Un avis partagé par Vincent Bretagnolle, chercheur au CNRS qui travaille à Chizé (Deux-Sèvres) avec des agriculteurs, pour leur faire modifier leur usage des fertilisants. « Ils ne cherchent pas à maximiser leur argent mais leurs rendements, ils épandent toujours plus d’azote pour multiplier leurs gains, dans une course sans fin, résume-t-il. Ils n’optimisent pas leur système : ils ne prennent en compte ni l’ensemble des coûts ni les effets néfastes sur leur santé et l’environnement. »

Il décrit même un « schéma psychologique », soit des habitudes très ancrées dans les méthodes agricoles, qui rend la question des engrais d’autant plus sensible. Ce sujet a d’ailleurs poussé leurs confrères néerlandais à manifester : en juin dernier, le gouvernement des Pays-Bas a annoncé son « plan azote » visant à réduire de moitié les émissions d’azote du pays d’ici 2030, obligeant les agriculteurs à réduire leur cheptel et leur utilisation d’engrais. Force a été de constater que cette idée ne passe pas auprès des concernés.

Une catastrophe pour la biodiversité

Cette situation est « une catastrophe pour le climat et la biodiversité », fustige Jacques Caplat, agronome et cofondateur du Réseau semences paysannes. Car si cette pollution est moins souvent pointée du doigt que celle par les pesticides, ses effets n’en sont pas moins massifs. « Si on ne regarde que les gaz, la principale contribution à l’effet de serre de l’agriculture française et européenne est le protoxyde d’azote », poursuit le spécialiste. Environ 70 % des émissions de protoxyde d’azote sont dues à la production agricole, et majoritairement à l’utilisation des engrais, selon les chercheurs du Global Carbon Project.
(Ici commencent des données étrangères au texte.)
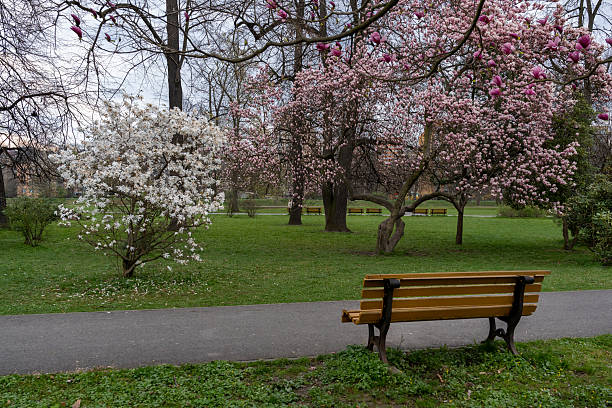 istock Spring park with blooming white and pink trees next to a walking path and a wooden bench. 2210822453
Pour l’eau, même « désastre » : les nappes phréatiques sont massivement polluées par les nitrates. Deux tiers de ceux retrouvés dans l’eau proviennent de l’agriculture et, à l’heure actuelle, la plupart des eaux françaises en contiennent des teneurs supérieures à la norme pour l’eau potable fixée par l’Organisation mondiale de la santé (OMS) — 50 mg/L. La situation est encore plus critique aux Pays-Bas, classés pire pays européen en 2019 en la matière : moins de 1 % de sa population avait alors accès à une eau jugée « bonne », majoritairement à cause des résidus de fertilisants.